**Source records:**
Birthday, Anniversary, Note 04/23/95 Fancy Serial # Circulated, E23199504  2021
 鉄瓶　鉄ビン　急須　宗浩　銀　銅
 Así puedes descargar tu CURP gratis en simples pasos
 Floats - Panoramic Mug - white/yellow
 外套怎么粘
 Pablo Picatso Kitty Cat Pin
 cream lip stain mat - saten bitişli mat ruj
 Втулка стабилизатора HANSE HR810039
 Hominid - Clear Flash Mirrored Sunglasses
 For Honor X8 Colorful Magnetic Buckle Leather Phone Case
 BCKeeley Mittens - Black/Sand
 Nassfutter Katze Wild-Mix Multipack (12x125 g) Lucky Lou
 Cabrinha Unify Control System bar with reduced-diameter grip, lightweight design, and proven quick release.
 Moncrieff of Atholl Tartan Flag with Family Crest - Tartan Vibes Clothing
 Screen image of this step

**BRIEF:** Nothing but the lines from the one holding "Hominid - Clear Flash Mirrored Sunglasses" to the end of the entries should be output, each exactly as it appears.

**THE COMPLETED TASK:**
 Hominid - Clear Flash Mirrored Sunglasses
 For Honor X8 Colorful Magnetic Buckle Leather Phone Case
 BCKeeley Mittens - Black/Sand
 Nassfutter Katze Wild-Mix Multipack (12x125 g) Lucky Lou
 Cabrinha Unify Control System bar with reduced-diameter grip, lightweight design, and proven quick release.
 Moncrieff of Atholl Tartan Flag with Family Crest - Tartan Vibes Clothing
 Screen image of this step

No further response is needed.